- Born: 1978 (age 47–48) Istanbul, Turkey
- Education: University of Virginia
- Occupation: Political Scientist
- Employer(s): London School of Economics, United Kingdom
- Awards: (BAGEP) Young Scientist Award
- Website: Yaprak Gursoy website

= Yaprak Gürsoy =

Turkish researcher

Yaprak Gürsoy is a Professor of European Politics and the Chair of Contemporary Turkish Studies at the London School of Economics. Prior to joining the LSE she was a Senior Lecturer and the Undergraduate Programme Director of Politics and International Relations at Aston University, Birmingham. She previously worked as an associate professor in the Department of International Relations at the Istanbul Bilgi University and a senior member of the St Antony's College, Oxford University. Professor Gürsoy is also co-founder and co-convenor of T he Turkish Politics Specialist Group of PSA (Political Studies Association).

Along with being the vice-president of the International Political Science Association Research Committee on Armed Forces and Society, she is also the assistant editor of the Turkish journal Uluslararası Ilişkiler.

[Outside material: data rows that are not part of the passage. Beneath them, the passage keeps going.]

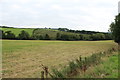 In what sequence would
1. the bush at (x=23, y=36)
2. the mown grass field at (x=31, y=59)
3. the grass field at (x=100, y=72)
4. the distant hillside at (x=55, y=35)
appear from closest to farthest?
1. the grass field at (x=100, y=72)
2. the mown grass field at (x=31, y=59)
3. the bush at (x=23, y=36)
4. the distant hillside at (x=55, y=35)

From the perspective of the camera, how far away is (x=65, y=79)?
8.45 metres

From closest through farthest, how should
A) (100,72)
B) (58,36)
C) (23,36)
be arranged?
(100,72)
(23,36)
(58,36)

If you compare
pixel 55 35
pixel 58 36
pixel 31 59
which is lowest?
pixel 31 59

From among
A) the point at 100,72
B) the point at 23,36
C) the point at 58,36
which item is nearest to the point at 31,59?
the point at 100,72

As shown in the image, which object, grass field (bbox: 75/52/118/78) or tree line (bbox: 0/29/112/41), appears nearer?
grass field (bbox: 75/52/118/78)

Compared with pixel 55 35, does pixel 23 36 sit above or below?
below

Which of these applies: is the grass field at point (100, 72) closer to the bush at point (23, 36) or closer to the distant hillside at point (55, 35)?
the distant hillside at point (55, 35)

Yaprak Gürsoy received her PhD degree in Comparative Politics from the Woodrow Wilson Department of Politics at the University of Virginia. She has three books and more than twenty articles published in academic journals like Political Science Quarterly, Democratization, South European Society and Politics, Turkish Studies and the Journal of Modern Greek Studies.

== Awards ==
Gürsoy received the prestigious the Science Academy Society of Turkey Young Scientist Award (BAGEP) which encourages young academics with an award and financial grant to give them opportunity to advance their studies in 2016. Gürsoy was also one of the winners of LSE Excellence in Education Award 2022, designed to support the School’s aspiration of creating ‘a culture where excellence in teaching is valued and rewarded on a level with excellence in research’.

== Works ==
Include:

- Between Military Rule and Democracy: Regime Consolidation in Greece, Turkey, and Beyond (University of Michigan Press, 2017, ISBN 978-0-472-12299-8)
- "Emotions and Narratives of the Spirit of Gallipoli: Turkey’s Collective Identity and Status in International Relations," British Journal of Middle Eastern Studies, Online First (April 2022): 1-20.
- "Anti-Populist Coups d’état in the Twenty-first Century: Reasons, Dynamics and Consequences," Third World Quarterly, Vol. 42, No. 4 (2021): 793-81.
- "Moving Beyond European and Latin American Typologies: The Peculiarities of AKP’s Populism in Turkey," Journal of Contemporary Asia, Vol. 51, No. 1 (January 2021): 157-178.
- "Reconsidering Britain’s Soft Power: Lessons from the Perceptions of the Turkish Political Elite," Cambridge Review of International Affairs, Online First (October 2020): 1-19.
- “The 15 July 2016 Failed Coup and the Security Sector”, Routledge Handbook on Turkish Politics, edited by Alpaslan Özerdem and Matthew Whiting (Routledge, 2019), 284-295.
- “Turkey”, The Handbook of European Defence Policies and Armed Forces, edited by Hugo Meijer and Marco Wyss (Oxford: Oxford University Press, 2018), 157-178.
- “Turkey is facing its own coronavirus crisis – so why is it sending medical supplies to the UK?,” The Conversation, 22 April 2020.
- “Turkish Populism as a ‘Theory-Reconstructing’ Case Study,” LSE Euro Crisis Blog, 11 December 2019.
- “Why would a Third Country Root for Soft Brexit? Views and Lessons from Turkey,” The Foreign Policy Centre, 29 January 2019.
- “Turkey in and out of NATO? An Instance of a Turbulent Alliance with Western Institutions,” (with İlke Toygur), Royal Institute of Elcano ARI 73/2018, 11 June 2018.
- “The Recent Crisis between Greece and Turkey: Two NATO Allies on the Brink of War, Again,” The Foreign Policy Centre, 24 April 2018.
- "Brexit: Türkiye-Birleşik Krallık-AB İlişkilerinde Siyasi ve Ekonomik Riskler ve Fırsatlar," (Brexit: Political and Economic Risks and Opportunities in Turkish-UK-EU Relations) Dış Ekonomik İlişkiler Kurulu (DEIK), September 2019.
- "Brexit and the UK-Turkey Relationship,” Renewing and Rethinking Bilateralism after Brexit, edited by Andrew Glencross, Aston Centre for Europe, July 2019.